The Rizer girls grew up in a home where a great variety of visitors were welcomed and entertained. Such notables as former President U.S. Grant, “Wild Bill” Hickok, General George Custer, Kit Carson, Buffalo Bill and Chief Sitting Bull were among those said to have been entertained in the home which the Rizer’s built on West 6th Street. One can imagine the tales which were told around the dinner table, as these bright and vivacious girls were exposed to the colorful visitors and local personalities that frequented their home. As they grew to adulthood they each, in turn, became vital, active and opinionated young ladies, feeling very much attuned to the “pulse” of the community.
It was in 1918, that Blanche opened a millinery shop at 114 West 8th Street.
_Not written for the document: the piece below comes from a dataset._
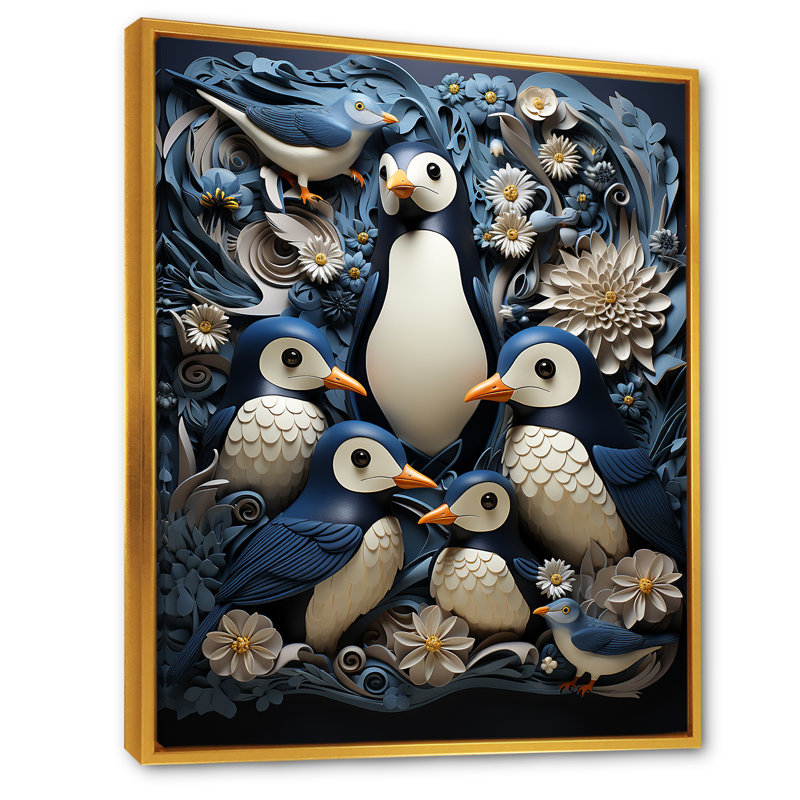 Reproduction sur toile d'un pingouin monochrome, H 40 po x l 30 po x P 1,5 po, Cadre flottant doré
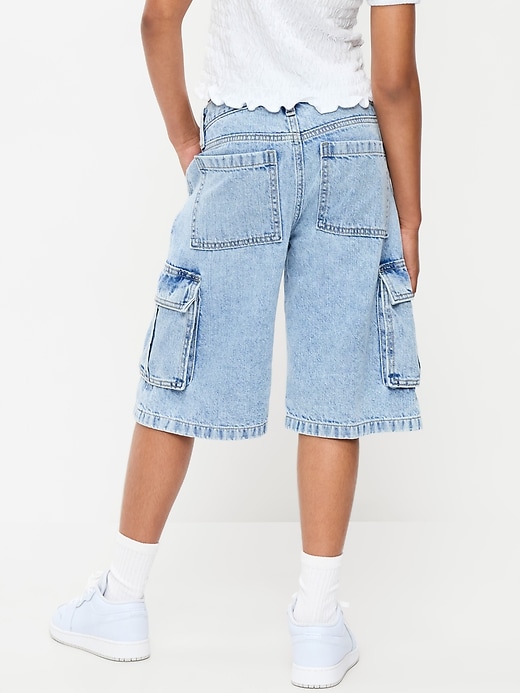 Image number 2 showing, Mid-Rise Ultra Baggy Cargo Jean Shorts for Girls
This apparently was the forerunner of the dress shop, which the sisters would partner in a year or so later. Robert Rizer died in 1921, three years after his wife, leaving his three “maiden” daughters to provide for themselves.
Josephine Dunbar Rizer, second oldest, was the matriarch of the family. Jo’s experience in ladies “ready to wear” was known far and near. She was in charge of a large department in Rockwell’s Store for years before opening the shop. Like her sisters, her life was consumed by store operations and there was no time for social activities. Visiting her friends and customers in the store was ample social contact. She was a lovely, reserved character who cherished her privacy.
Blanche Eliza Rizer was artistic. She excelled in putting colors together—doing complete ensembles. Blanche always wore colorful dresses—lavender, old rose, blues and pinks. Though she could clean and arrange the house, she could not and did not boil water. She made the beds, but not coffee. Millinery was her forte. Trimming hats, her enjoyment. She even left home to run the Millinery department for a large store in Hutchinson at one time, but returned to her sisters and Junction City, which she much preferred.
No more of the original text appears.